[Start of Attachment]

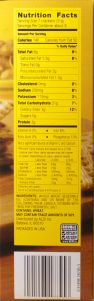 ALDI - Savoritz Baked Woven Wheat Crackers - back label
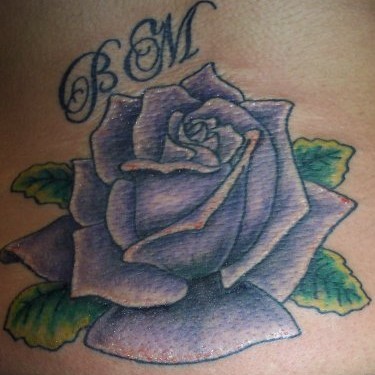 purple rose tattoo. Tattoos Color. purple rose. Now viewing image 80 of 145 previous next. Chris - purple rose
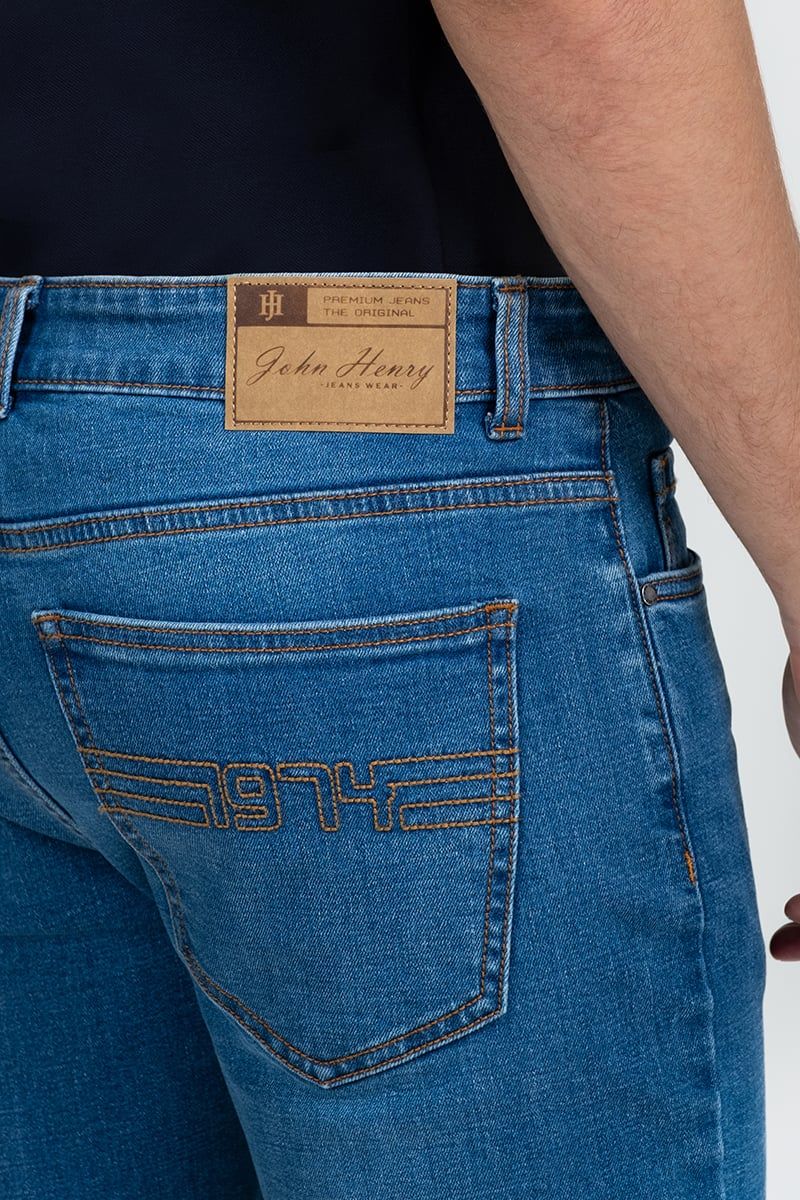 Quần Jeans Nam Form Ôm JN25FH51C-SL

[End of Attachment]
[Start of Attachment]

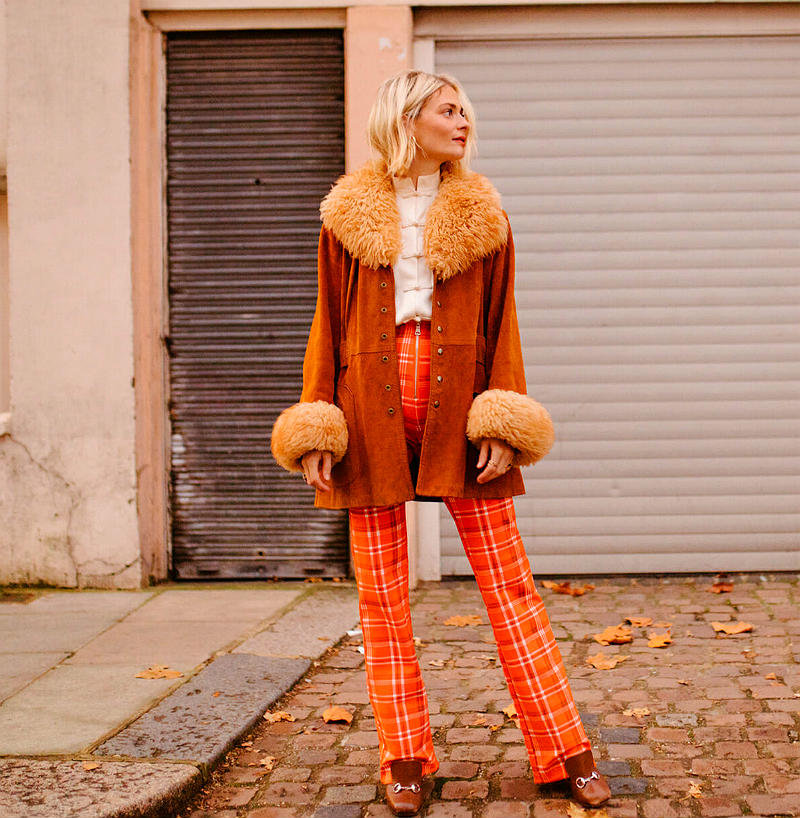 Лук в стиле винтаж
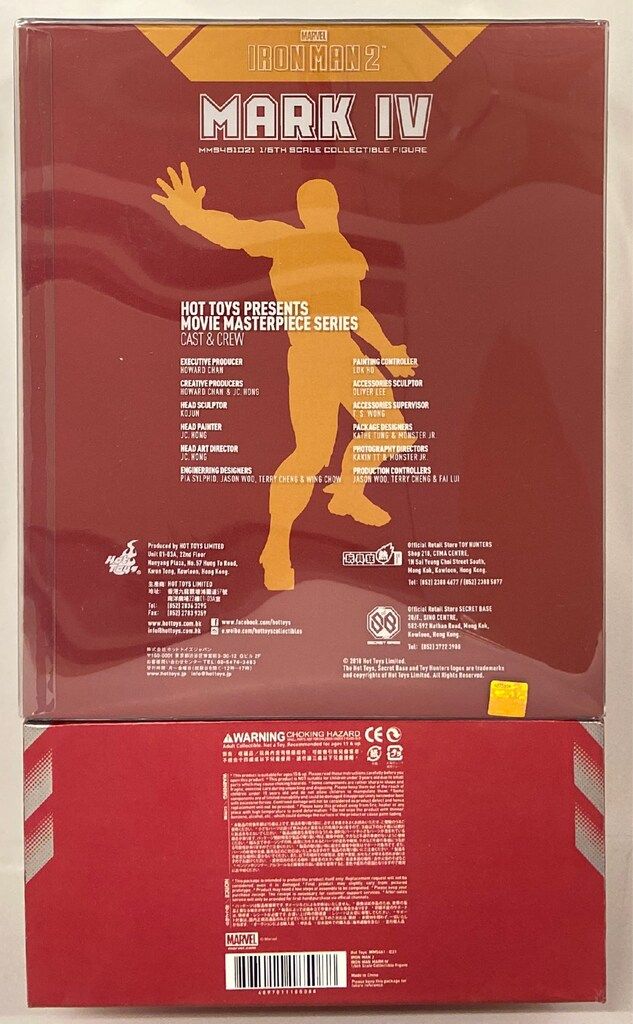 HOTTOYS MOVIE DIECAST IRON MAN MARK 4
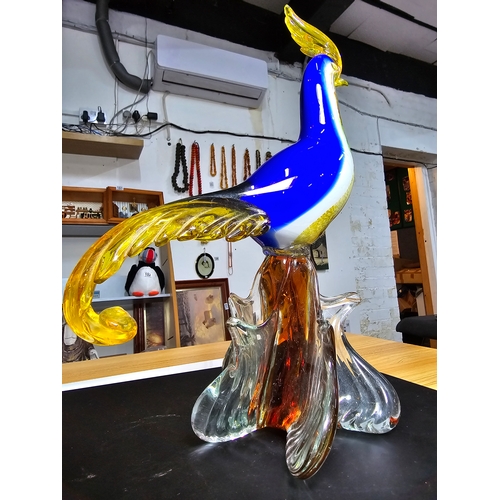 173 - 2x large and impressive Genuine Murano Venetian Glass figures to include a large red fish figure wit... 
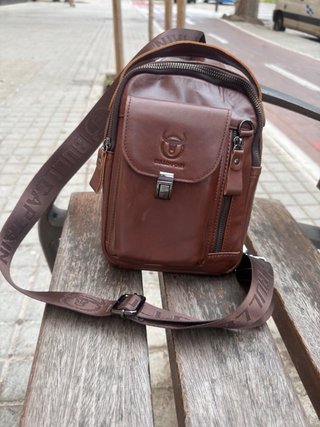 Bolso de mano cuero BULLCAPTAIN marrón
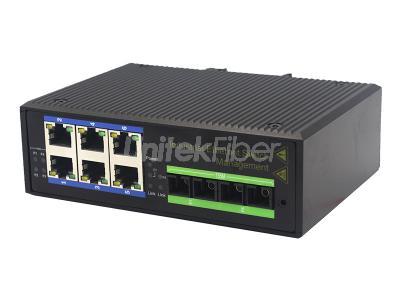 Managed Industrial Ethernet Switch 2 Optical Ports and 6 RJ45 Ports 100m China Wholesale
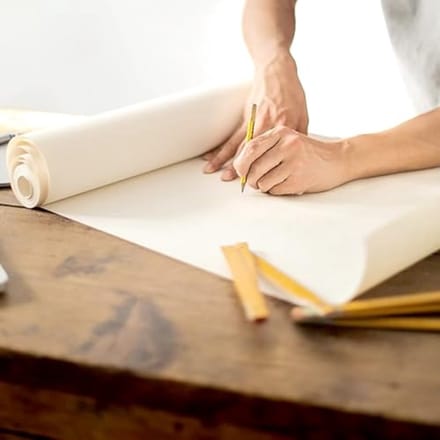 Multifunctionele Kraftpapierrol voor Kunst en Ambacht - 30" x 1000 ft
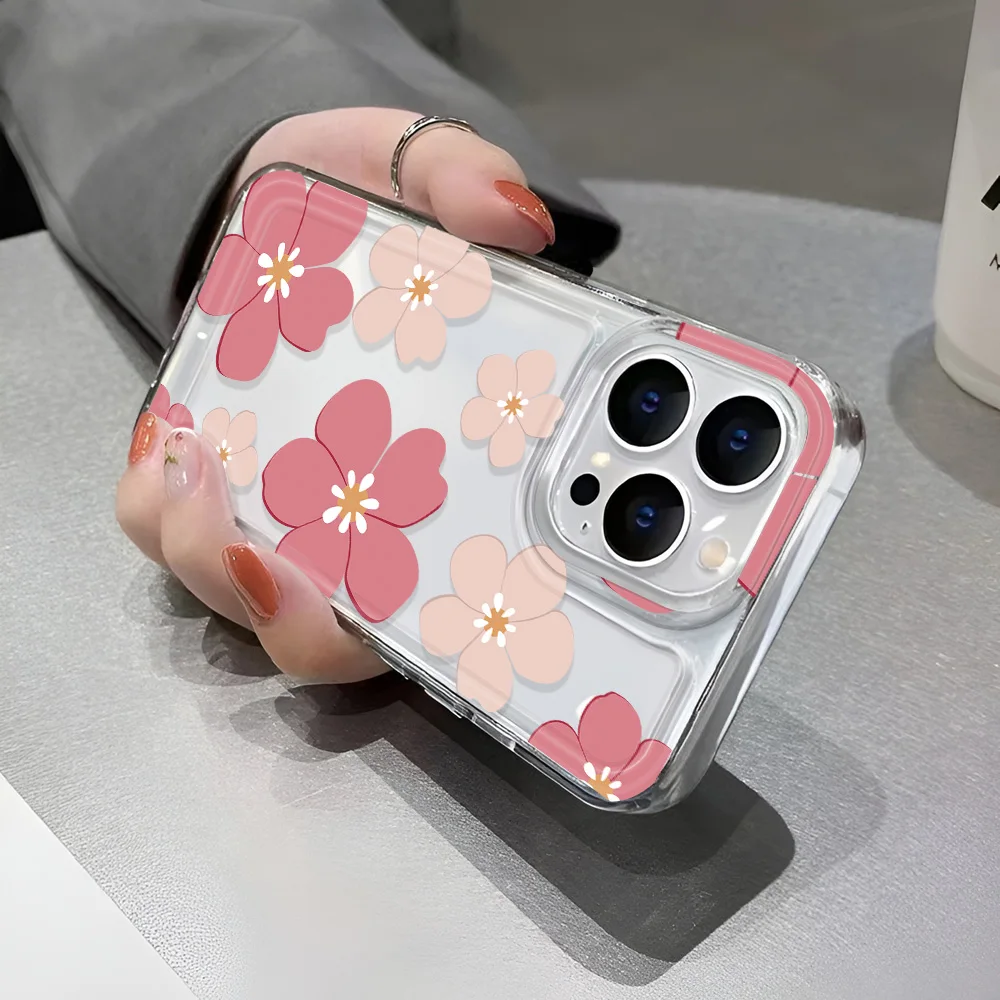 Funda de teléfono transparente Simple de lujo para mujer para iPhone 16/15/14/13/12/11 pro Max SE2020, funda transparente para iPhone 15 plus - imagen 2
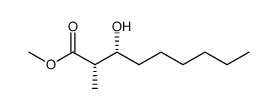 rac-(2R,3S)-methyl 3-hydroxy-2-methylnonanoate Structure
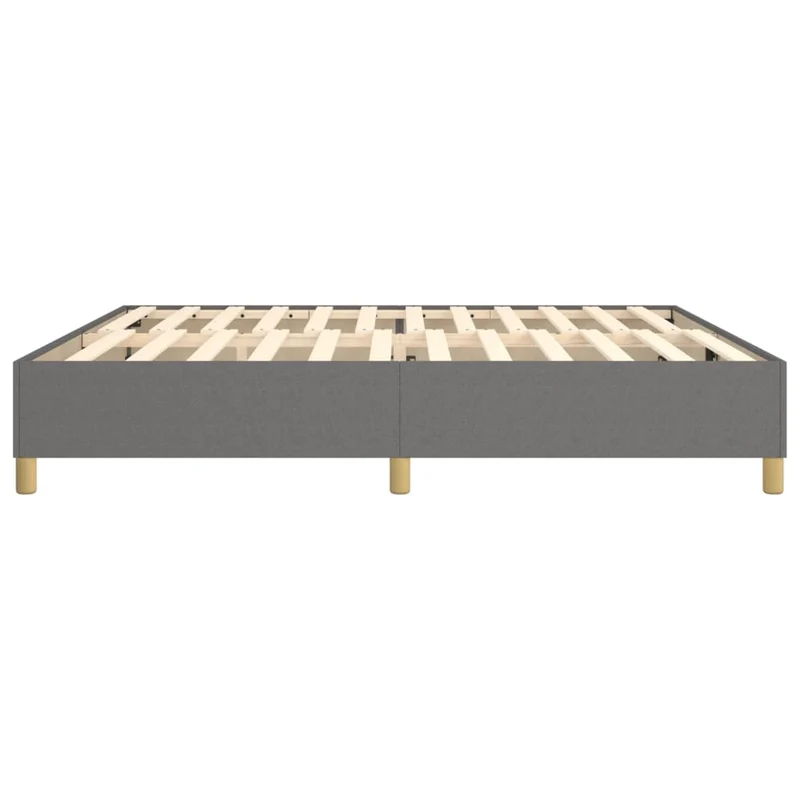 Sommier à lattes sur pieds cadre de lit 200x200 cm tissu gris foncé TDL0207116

[End of Attachment]

- **EXERCISE DETAILS**: Please transcribe exactly the part of the records that opens with the line containing "ALDI - Savoritz" and closes with the line containing "Quần Jeans Nam Form Ôm JN25FH51C-SL", both ends included, and leave out the pictures.

- **RESULT FOR THIS TASK**:
 ALDI - Savoritz Baked Woven Wheat Crackers - back label
 purple rose tattoo. Tattoos Color. purple rose. Now viewing image 80 of 145 previous next. Chris - purple rose
 Quần Jeans Nam Form Ôm JN25FH51C-SL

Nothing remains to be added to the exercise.